These are some of the words members of the Calvin community chose to describe their former professor and colleague Edna Greenway.
The two words expressed most often were faithful and encouraging.
“Edna was a shining example of a person of faith living out her vocation,” said Dianne Zandstra, a colleague and mentee of Greenway. “We all looked up to Edna.”
Greenway taught in the Spanish department at Calvin for a quarter century. While at Calvin, she developed programs for elementary- and secondary-education Spanish teachers, pioneered a program in bilingual education, and established ties between Calvin and the Hispanic people and culture. She was also involved in the creation of a program to certify teachers of English as a second language.
What she did at Calvin was impressive, but how she went about this work is what is remembered.

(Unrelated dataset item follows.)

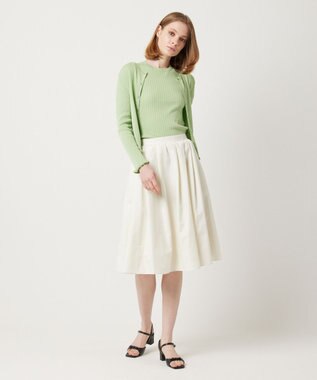 TOCCA 【大人百花掲載】【洗える】CRISP LETTUCE スカート アイボリー系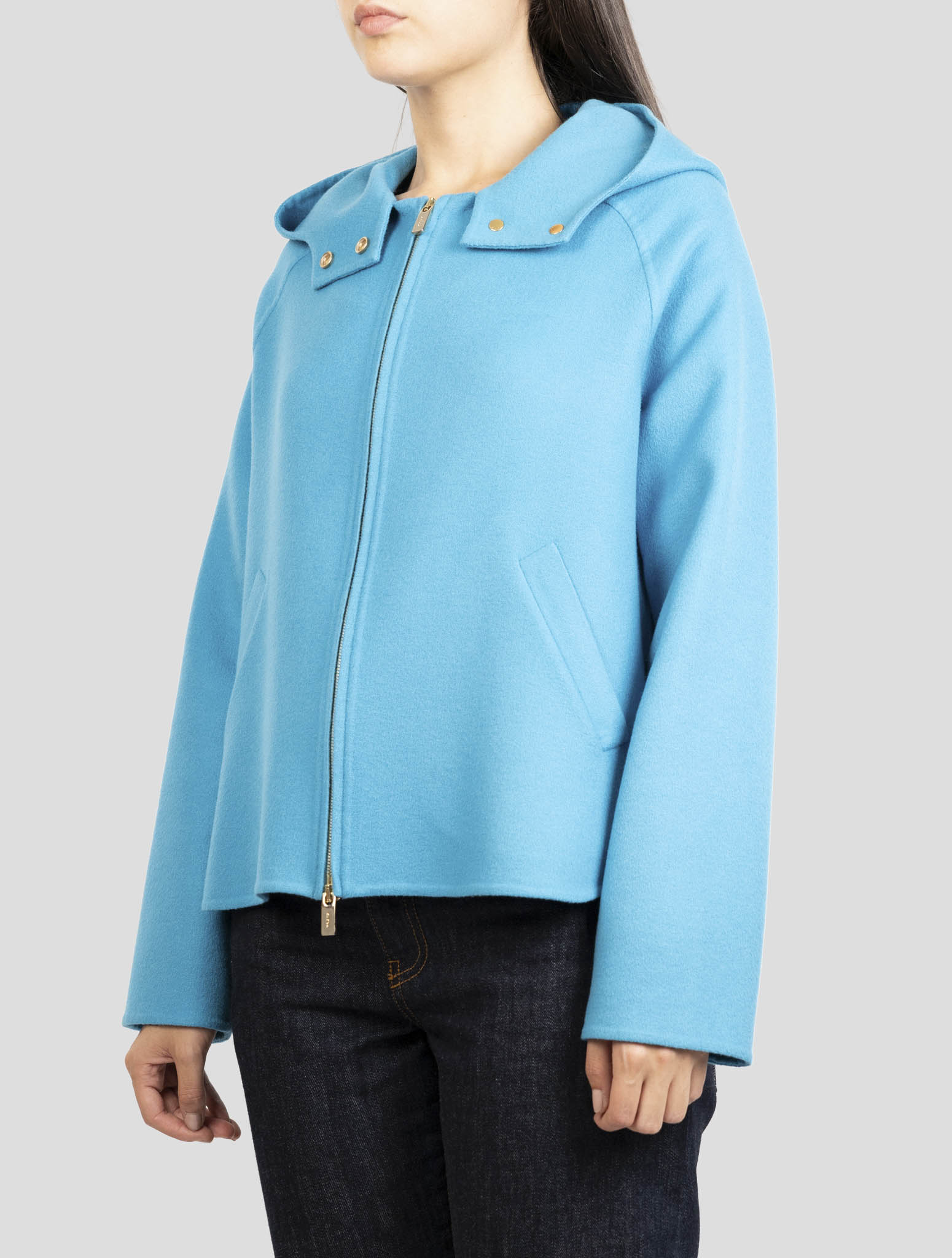 Kiton Light Blue Cashmere Coat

“She was faithful to her colleagues, including while she was department chair, in supporting, encouraging, and appreciating us,” said Marilyn Bierling, a longtime colleague and good friend of Greenway’s. “Her door was always open to give us advice or simply chat about what mattered to us at that moment. . . . She was a true mentor for me.”
“She was an educator at heart, willingly sharing teaching materials and ideas with colleagues,” said Marcie Pyper, a former colleague.
Greenway was also faithful to her students.
“Her relationship with her students was not contractual but rather covenantal,” said Cynthia Slagter, who knew Greenway first as her teacher at Calvin and later as a colleague. “Students understood that her care for them was rooted in her faith.”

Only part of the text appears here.